What is needed: Copy every record exactly, leaving the pictures out.

○ ○ ○

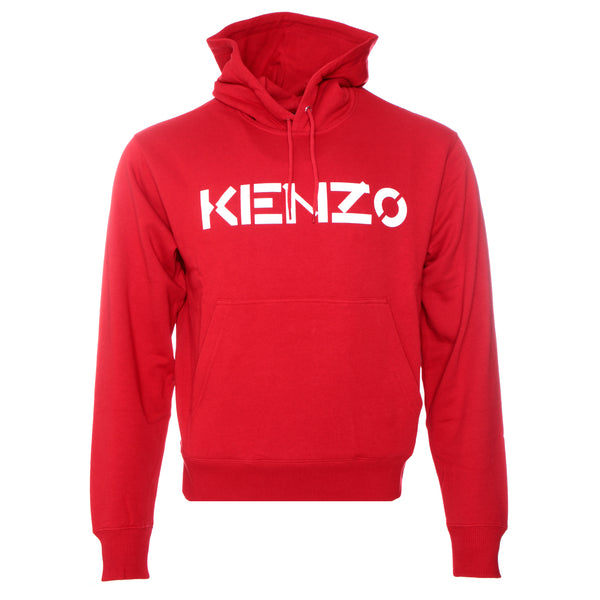 FW20 Kenzo Paris New Logo Classic Men's Hoodie Red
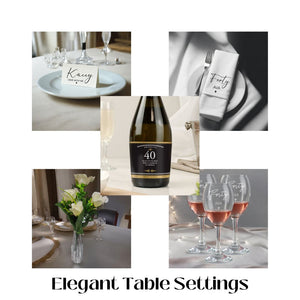 Private Function Table Setting Package (Based on 10 People) Pure Essence Greetings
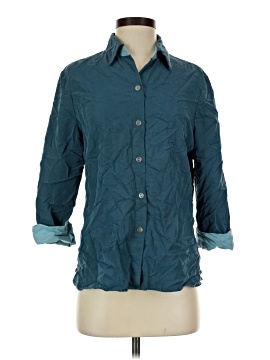 Jaclyn Smith 3/4 Sleeve Button Down Shirt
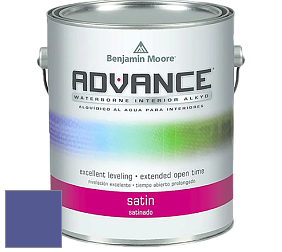Benjamin Moore 792 Advance Interior Paint-Satin эмаль цвет 2068-30 Scandinavian Blue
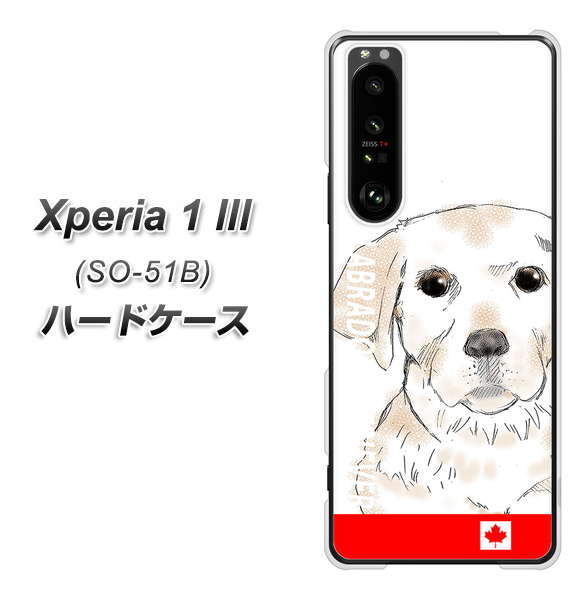 docomo エクスペリア1 III SO-51B 高画質仕上げ 背面印刷 ハードケース【YD821 ラブラドールレトリバー02】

○ ○ ○

Result of the task:
 FW20 Kenzo Paris New Logo Classic Men's Hoodie Red
 Private Function Table Setting Package (Based on 10 People) Pure Essence Greetings
 Jaclyn Smith 3/4 Sleeve Button Down Shirt
Benjamin Moore 792 Advance Interior Paint-Satin эмаль цвет 2068-30 Scandinavian Blue
 docomo エクスペリア1 III SO-51B 高画質仕上げ 背面印刷 ハードケース【YD821 ラブラドールレトリバー02】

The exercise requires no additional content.